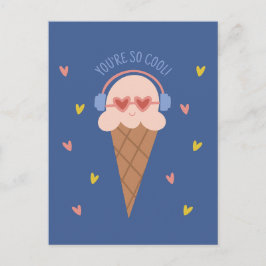 Du bist so cool Eis Valentinstag Karte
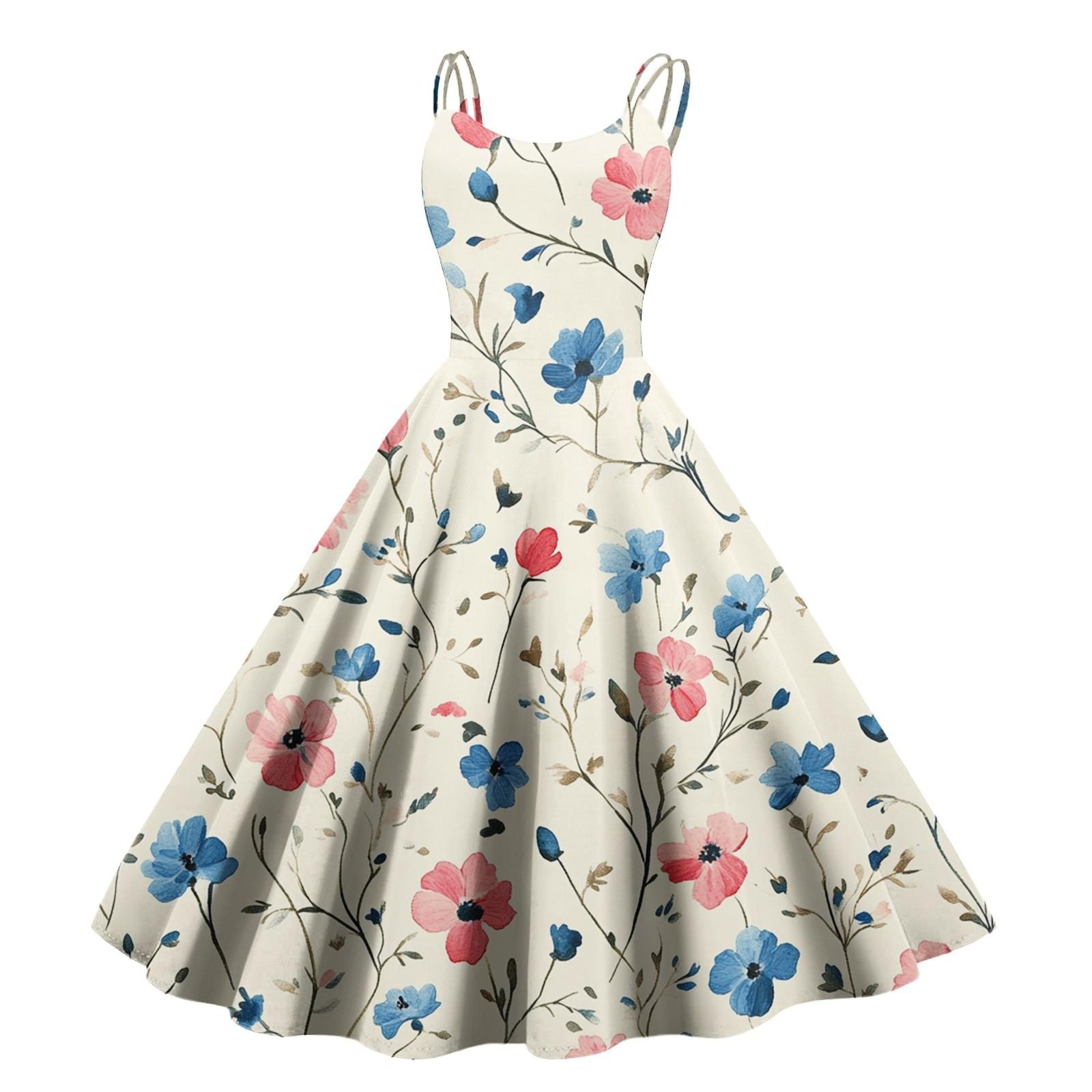 

Женское сексуальное платье с открытыми плечами в стиле панк-винтаж с цветочным принтом L бежевый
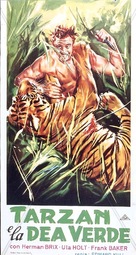 Tarzan and the Green Goddess - Italian Movie Poster (xs thumbnail)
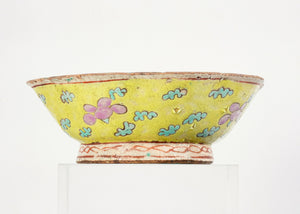 ciotola ceramica smalto cina epoca guangxu 1800 alzata piatto cinese antica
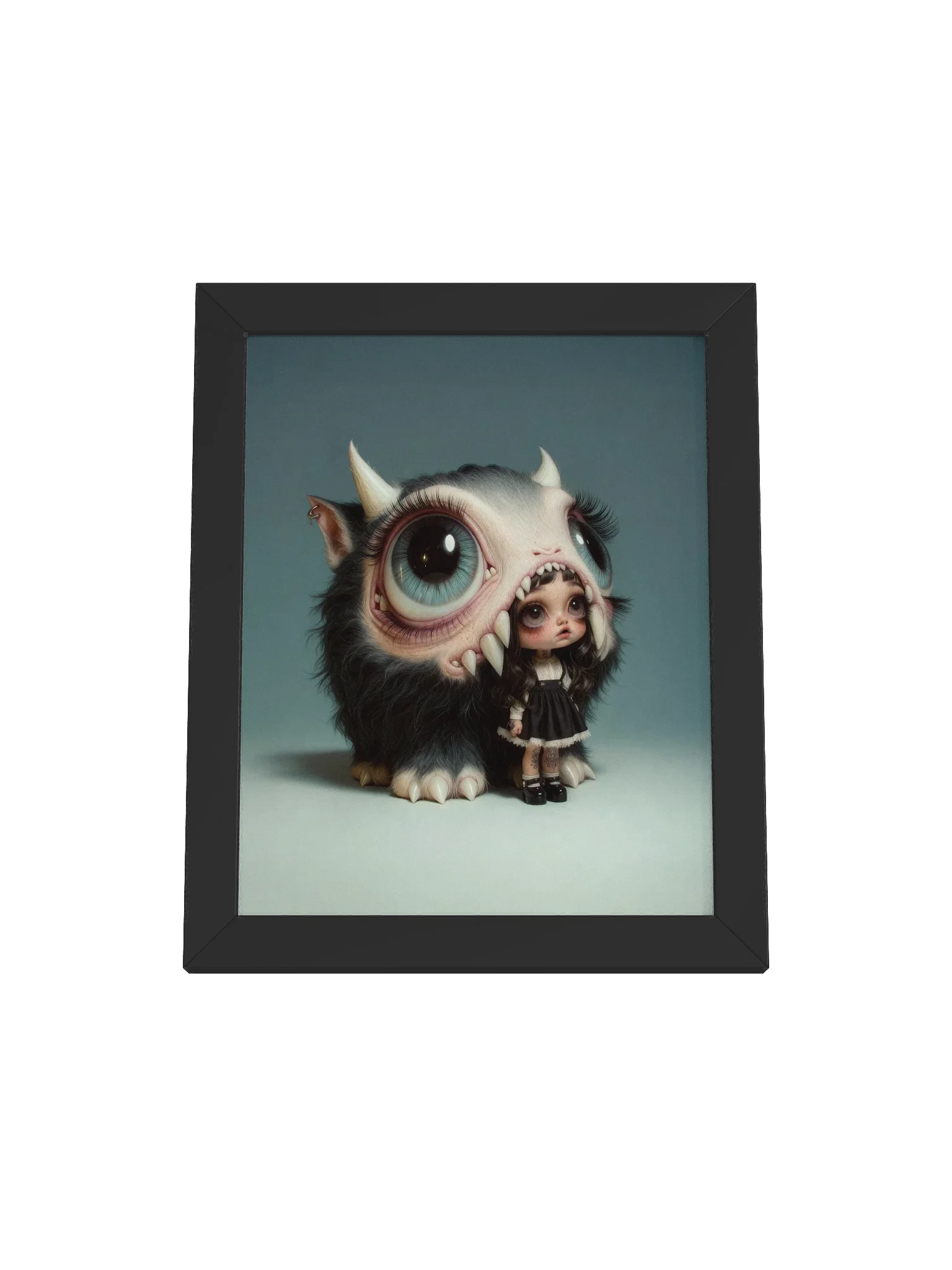 She Stands Where the Teeth Are Framed Print product image (1)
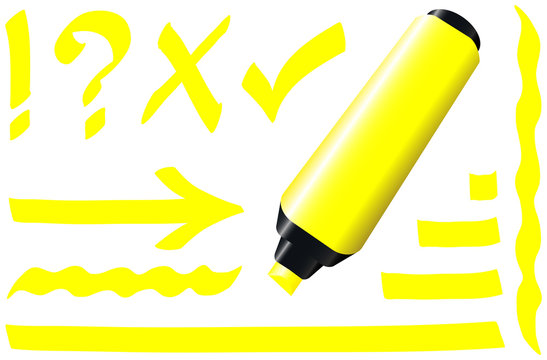 Fluorescent Marker Yellow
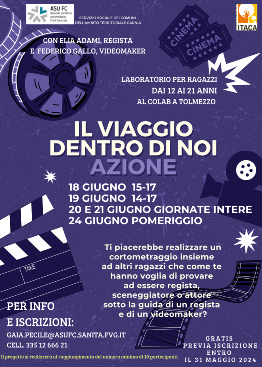 "Il viaggio dentro di noi. Azione!" – delavnica kinematologije za najstnike v Tolmeču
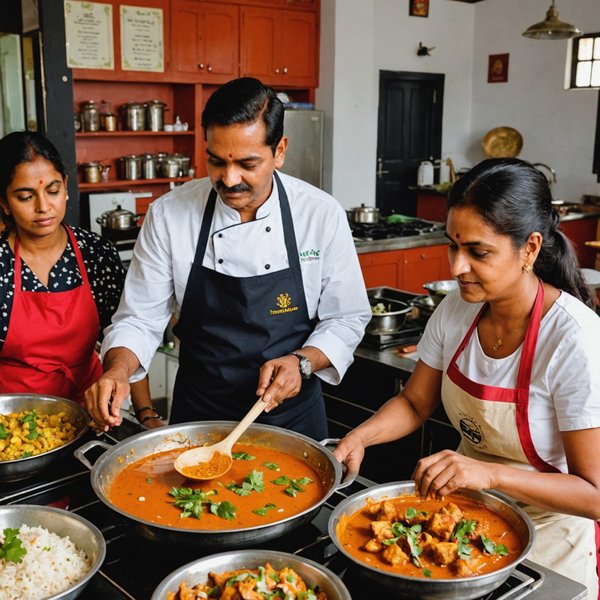 Où suivre des cours de cuisine indienne à Goa?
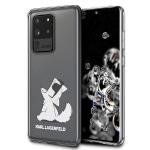 Carcasa Karl Lagerfeld Choupette Fun compatibila cu Samsung Galaxy S20 Ultra, Transparent 2 - lerato.ro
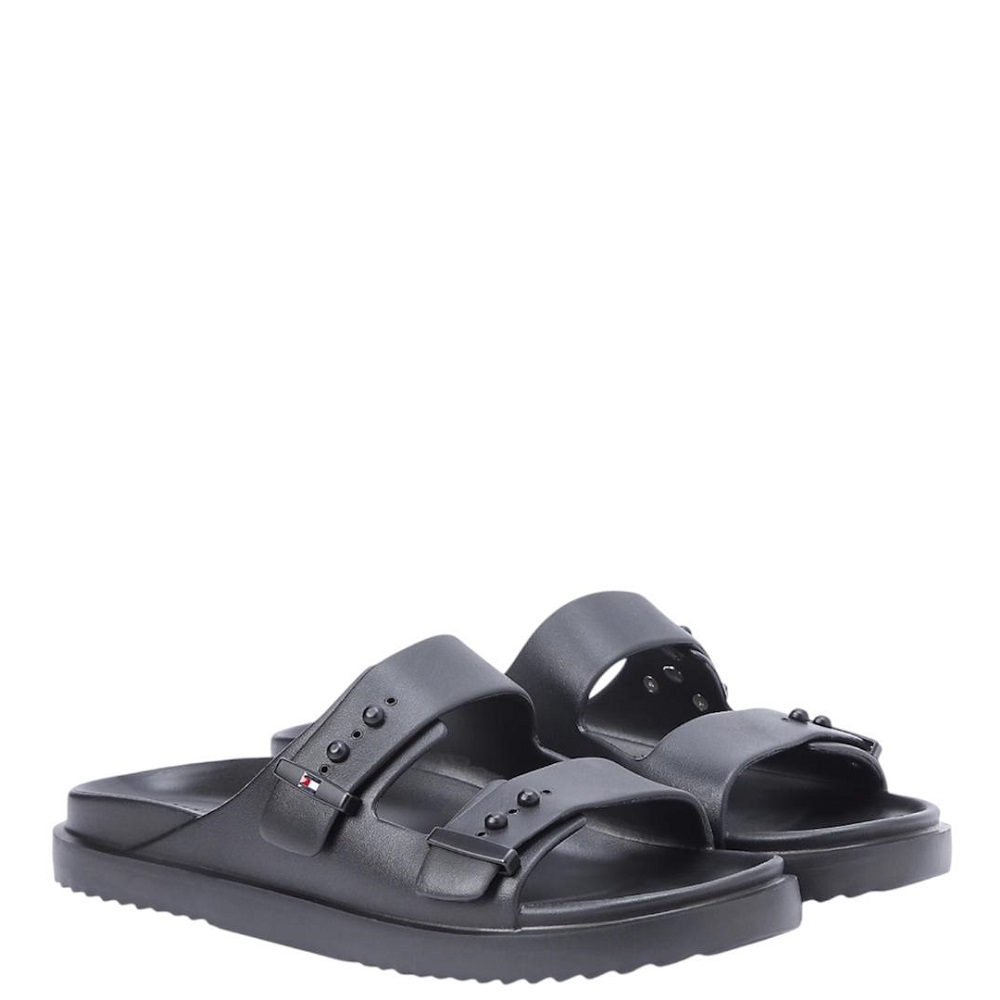 TOMMY HILFIGER</br>Tommy Hilfiger Light Adjustable Pool Slider FM0FM05757-BDS Ανδρικές Σαγιονάρες Μαύρο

──────────────────────────────

_What to do_
Going by the data above, give back only the lines from the one containing "Женское сексуальное платье" through the one containing "Fluorescent Marker Yellow", exactly as they stand, both ends included and no images.

_Your solution_
Женское сексуальное платье с открытыми плечами в стиле панк-винтаж с цветочным принтом L бежевый
 Tarzan and the Green Goddess - Italian Movie Poster (xs thumbnail)
 ciotola ceramica smalto cina epoca guangxu 1800 alzata piatto cinese antica
 She Stands Where the Teeth Are Framed Print product image (1)
 Fluorescent Marker Yellow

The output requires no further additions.